**MATERIAL PROVIDED**
------------------------------------

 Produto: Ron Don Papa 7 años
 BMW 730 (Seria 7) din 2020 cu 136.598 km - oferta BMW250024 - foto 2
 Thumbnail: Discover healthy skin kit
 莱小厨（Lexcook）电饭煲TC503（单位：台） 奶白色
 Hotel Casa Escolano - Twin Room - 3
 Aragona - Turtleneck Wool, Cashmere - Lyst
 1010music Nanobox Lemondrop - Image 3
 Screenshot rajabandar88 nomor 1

------------------------------------

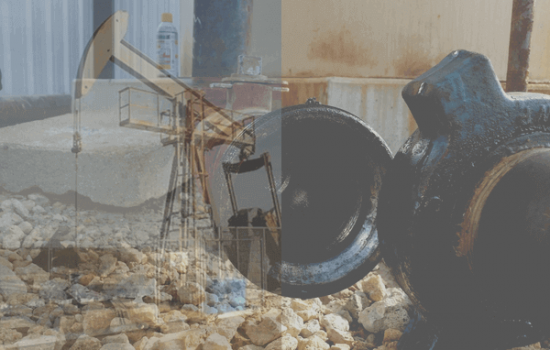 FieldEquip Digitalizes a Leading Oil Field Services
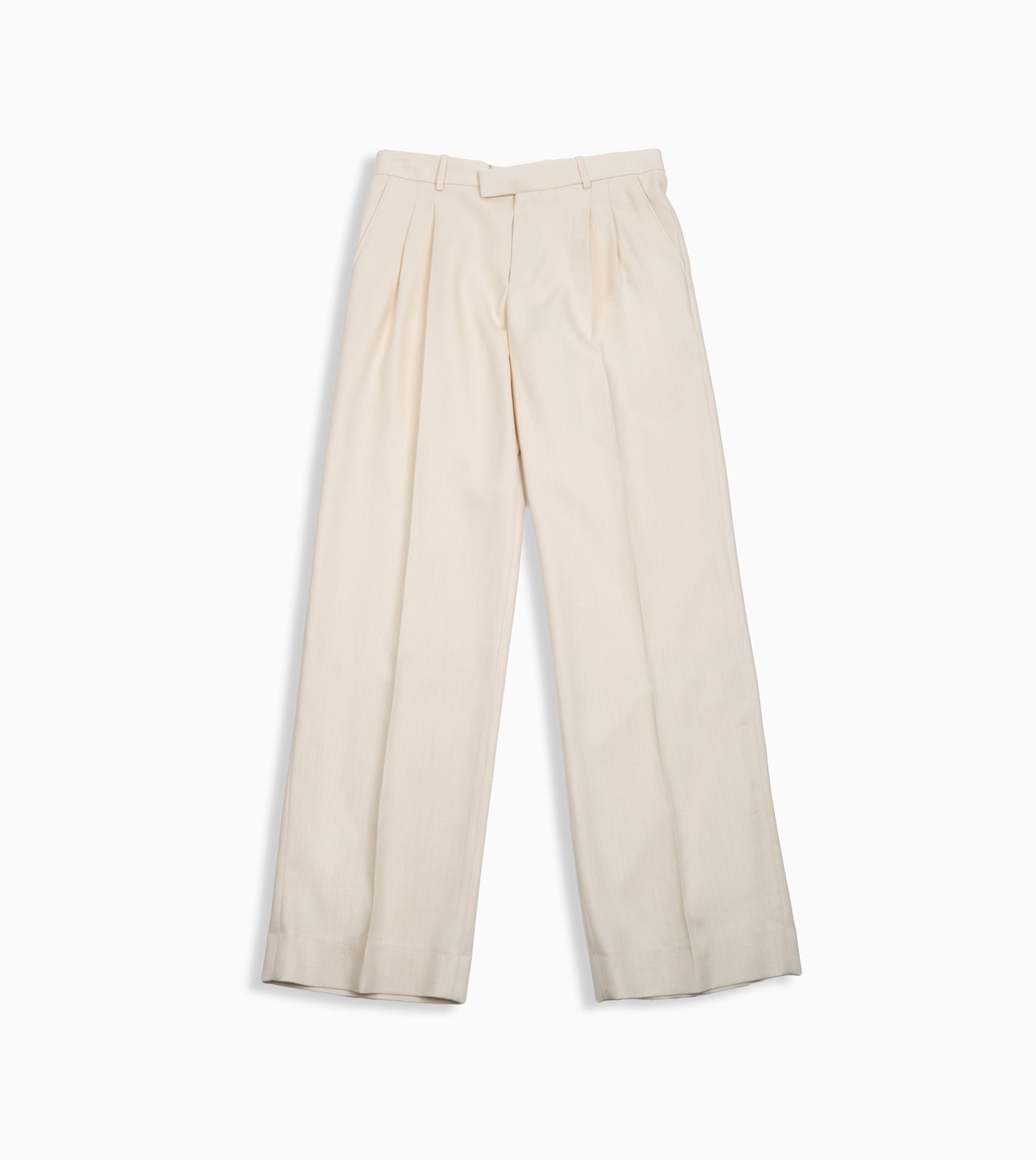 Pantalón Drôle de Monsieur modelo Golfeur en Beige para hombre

------------------------------------

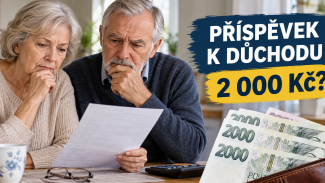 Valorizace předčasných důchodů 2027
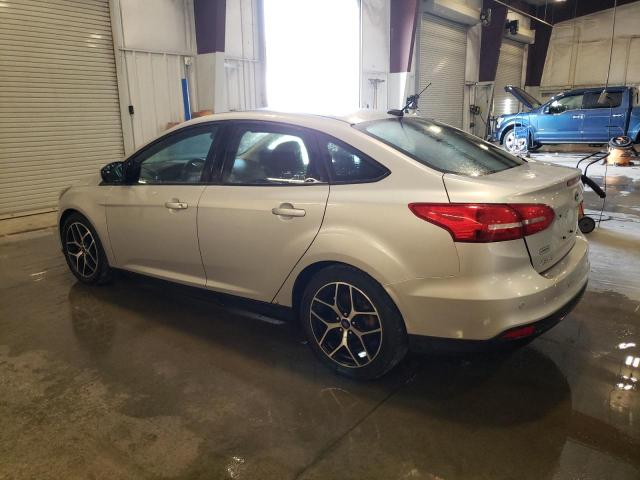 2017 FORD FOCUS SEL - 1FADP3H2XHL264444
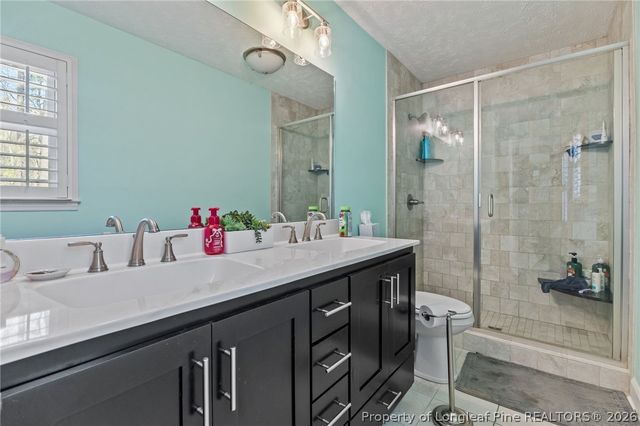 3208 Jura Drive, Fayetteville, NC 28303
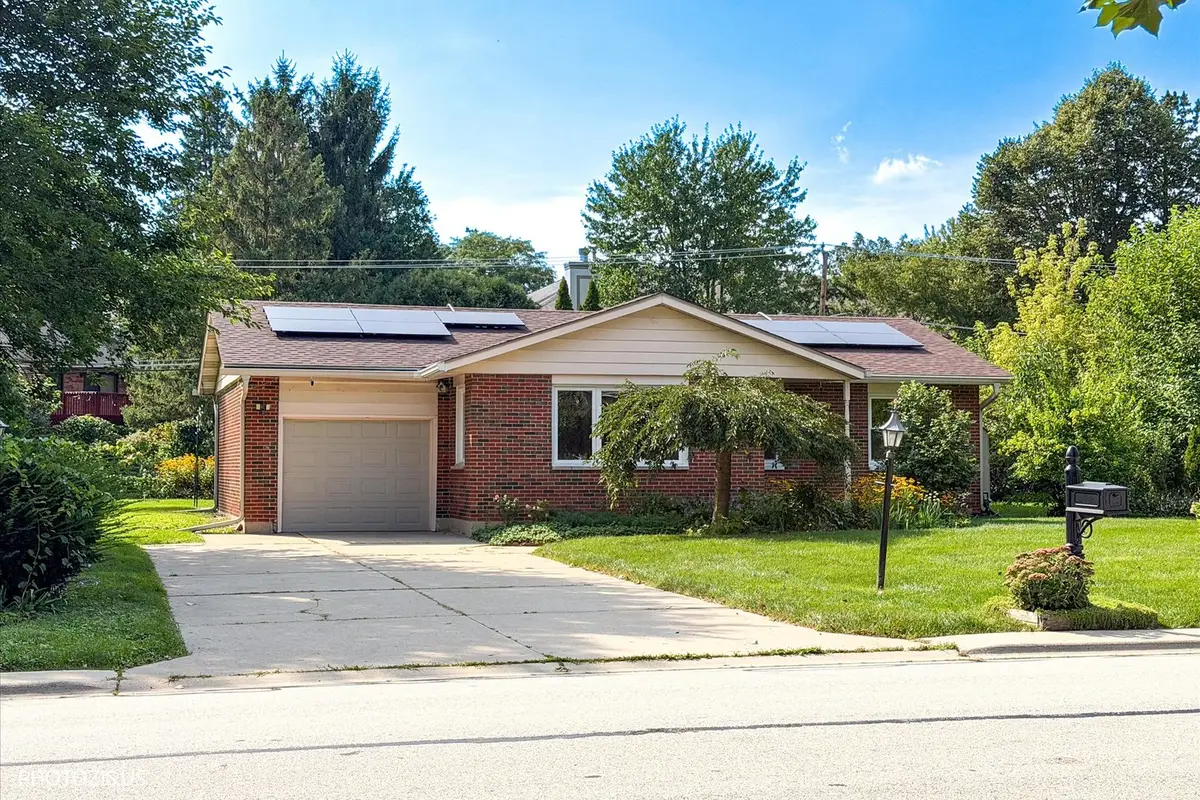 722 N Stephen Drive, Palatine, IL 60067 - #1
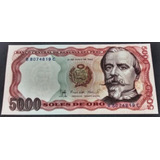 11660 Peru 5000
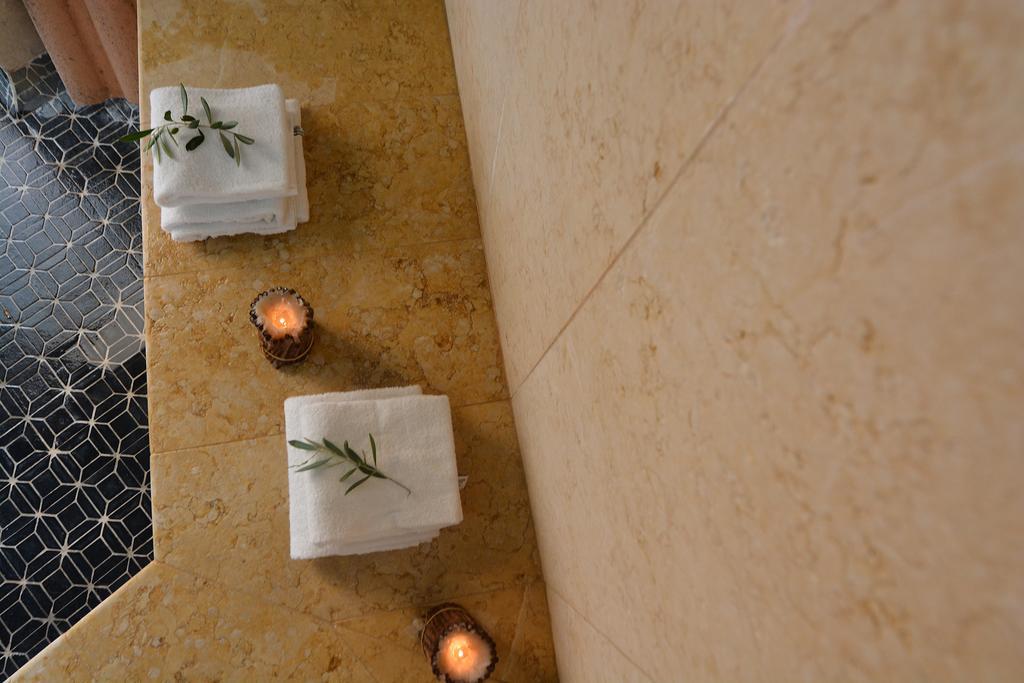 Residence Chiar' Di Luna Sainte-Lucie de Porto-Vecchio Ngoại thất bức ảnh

------------------------------------

Please write out, exactly as they appear above, only the lines in the stretch from the line with "BMW 730 (Seria" through the line with "Screenshot rajabandar88 nomor 1".

**SOLUTION TO THE PROBLEM**
 BMW 730 (Seria 7) din 2020 cu 136.598 km - oferta BMW250024 - foto 2
 Thumbnail: Discover healthy skin kit
 莱小厨（Lexcook）电饭煲TC503（单位：台） 奶白色
 Hotel Casa Escolano - Twin Room - 3
 Aragona - Turtleneck Wool, Cashmere - Lyst
 1010music Nanobox Lemondrop - Image 3
 Screenshot rajabandar88 nomor 1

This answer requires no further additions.